▶ Assignment: Beginning with the line containing "Hey there, everybody." and ending with the line containing "That's all for", write out each line of the records below exactly; pictures and lines outside that range are left out.

▶ Listed entries:
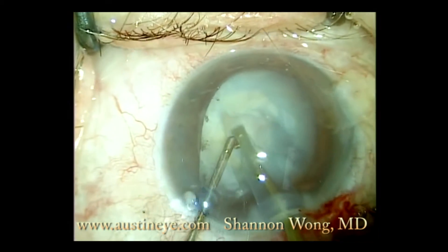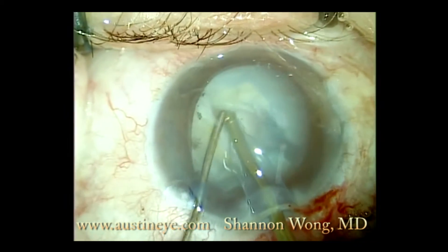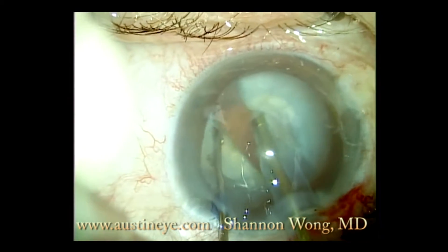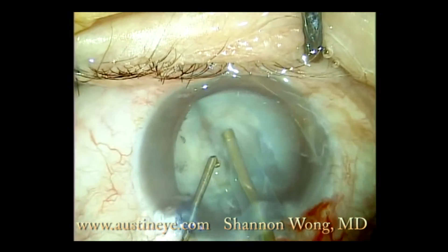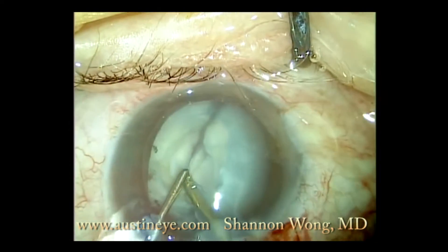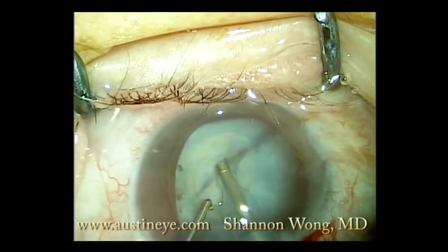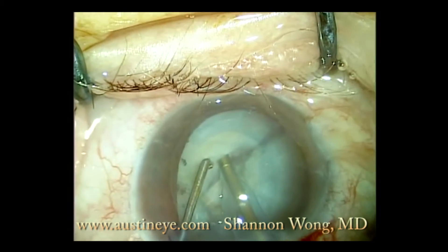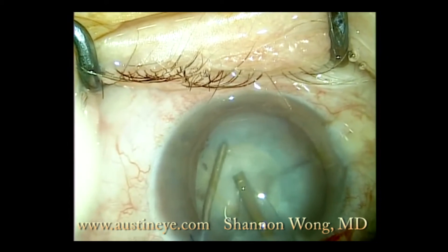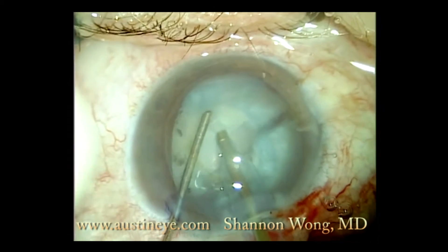So we decided to go ahead and try to phaco this cataract inside the bag — not take out the whole lens and capsule complex, but try to implant a posterior chamber lens. We went ahead and fortunately were able to crack the lens and rotate it, which facilitated our ability to safely remove a substantial portion of this cataract initially. I was basically trying to debulk the very shallow anterior chamber by removing a substantial amount of this very dense white cataract.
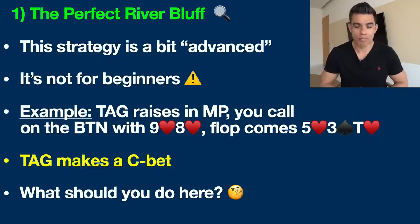One of the biggest questions my students often ask me is: what do you do when you're on the river with a missed draw — maybe you've just got nine high — how do you bluff them out and win these pots? I'm going to show you right now. Now, this strategy is a little bit advanced, so if you are a beginner poker player or you play at the very lowest stakes, I would not suggest using this strategy very often.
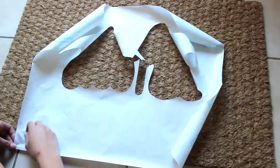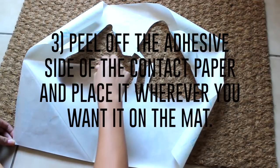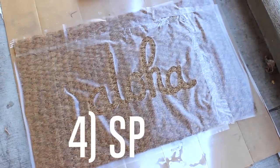Then peel off the adhesive side of the contact paper and place it wherever you want it on the mat. I like to peel off one corner first and place it down on the mat before doing the rest.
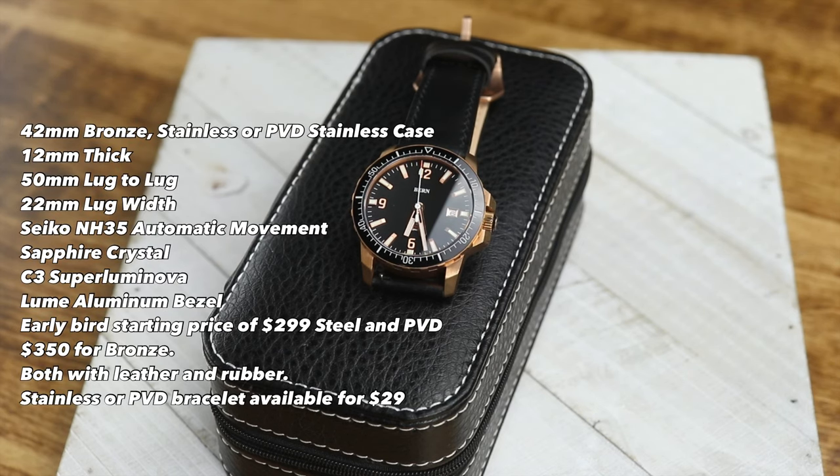Hey there, everybody. Hope you are doing well. Today I have a review of the Byrne Milford Diver.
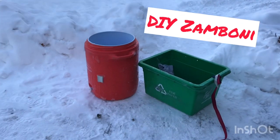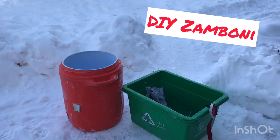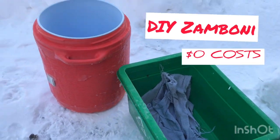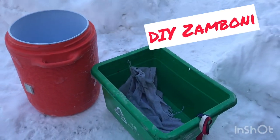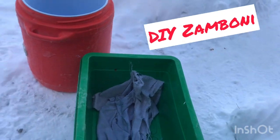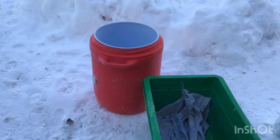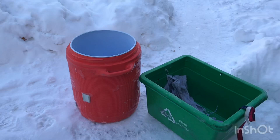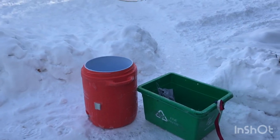Today I want to show you my homemade Zamboni — works great, no cost. Grab the water from inside, pour it in the bucket and away I go. My homemade Zamboni is just two buckets: a cycling bin with a bunch of holes in it, and a towel that drags behind it. Fill up the orange one with water from inside, bring it to the rink, dump it into the green bucket — she just starts to drain as you pull it around the rink with the rope.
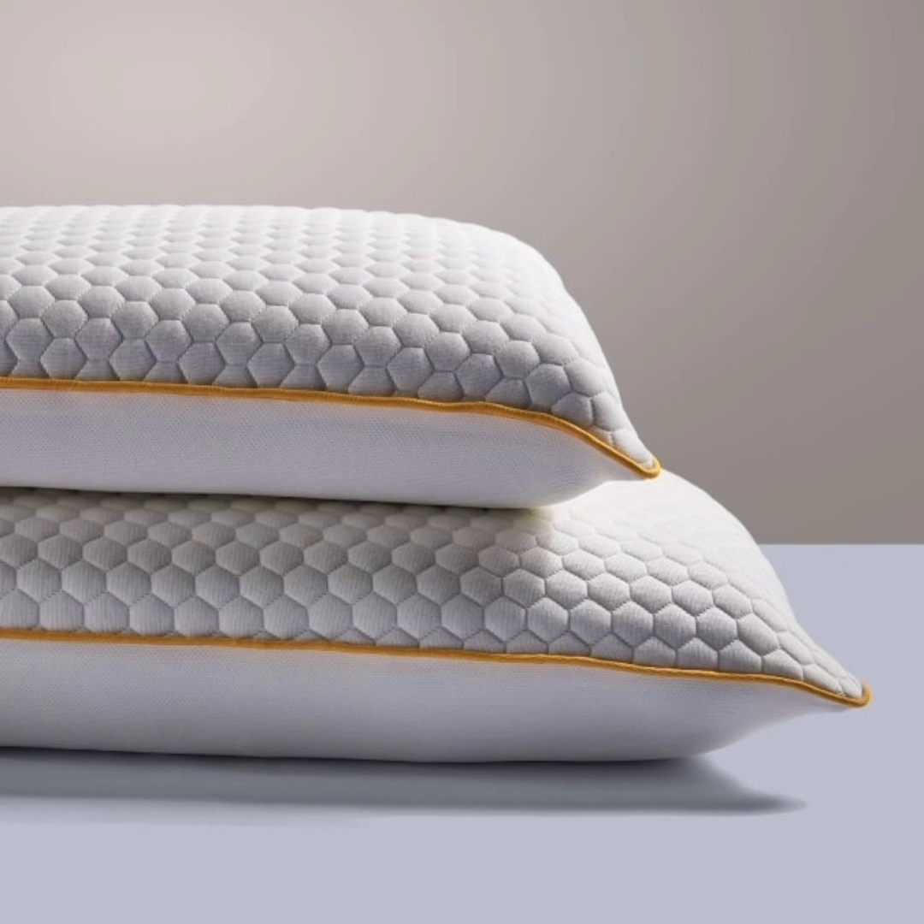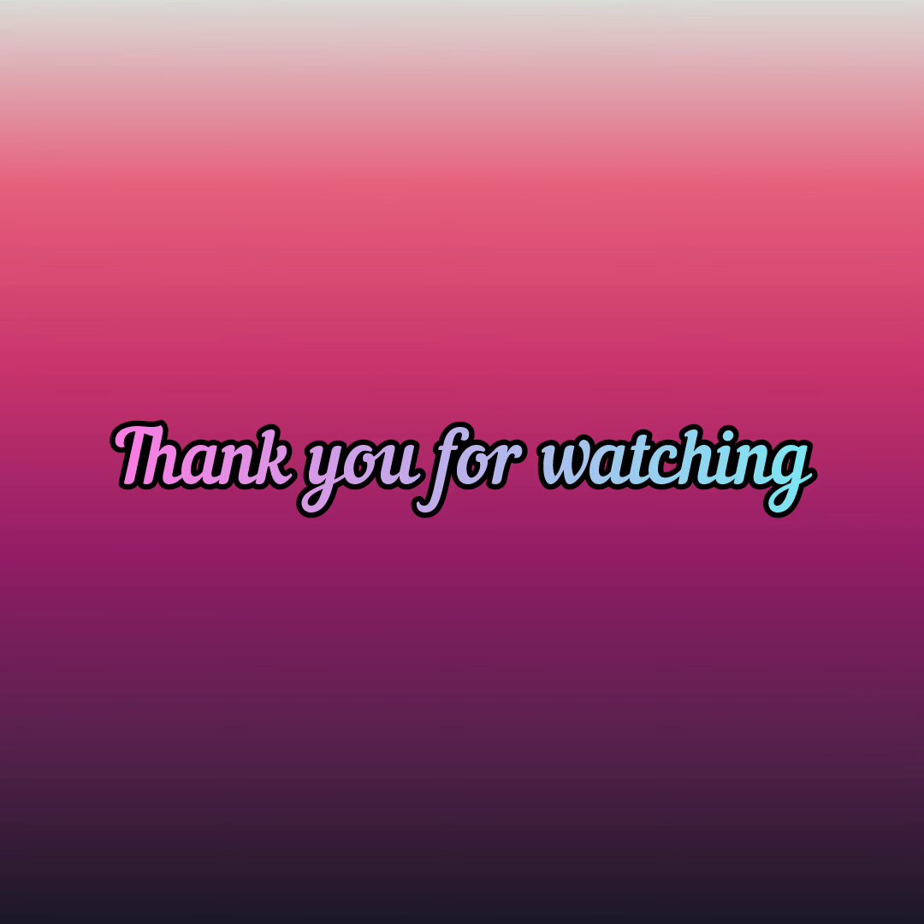That's all for today's video. Thank you for watching. If you found this video useful, please share it with your friends and family, subscribe to my channel, and leave your comments in the comment section. Thank you.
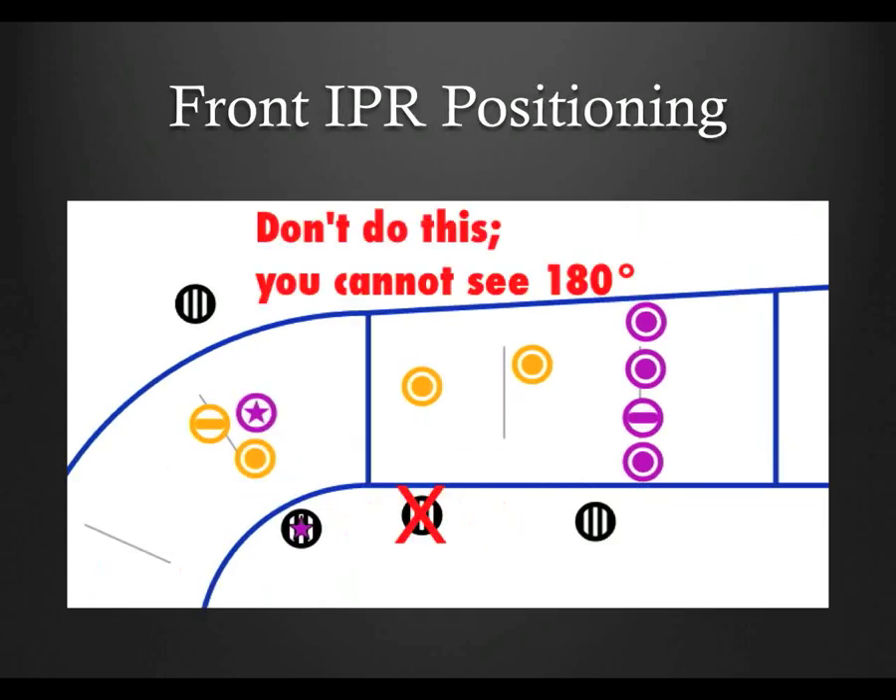Generally speaking, the best position for the front inside pack ref — anytime, not just during a passive offense situation — is to stay with the furthest in-play blocker. It can be very tempting, especially if the pack stretch isn't extreme, to try to go between the pack and the jammer. I used to do it, thinking I'd be better able to give and receive communication from the back pack ref, especially in loud situations. But I was wrong. What happens is that you have to keep swiveling your head back and forth between the pack and the jammer engagement, and you end up missing things — especially that blocker now engaging the jammer way out of play.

▶ Reply:
Hey there, everybody. Hope you are doing well. Today I have a review of the Byrne Milford Diver.
Today I want to show you my homemade Zamboni — works great, no cost. Grab the water from inside, pour it in the bucket and away I go. My homemade Zamboni is just two buckets: a cycling bin with a bunch of holes in it, and a towel that drags behind it. Fill up the orange one with water from inside, bring it to the rink, dump it into the green bucket — she just starts to drain as you pull it around the rink with the rope.
That's all for today's video. Thank you for watching. If you found this video useful, please share it with your friends and family, subscribe to my channel, and leave your comments in the comment section. Thank you.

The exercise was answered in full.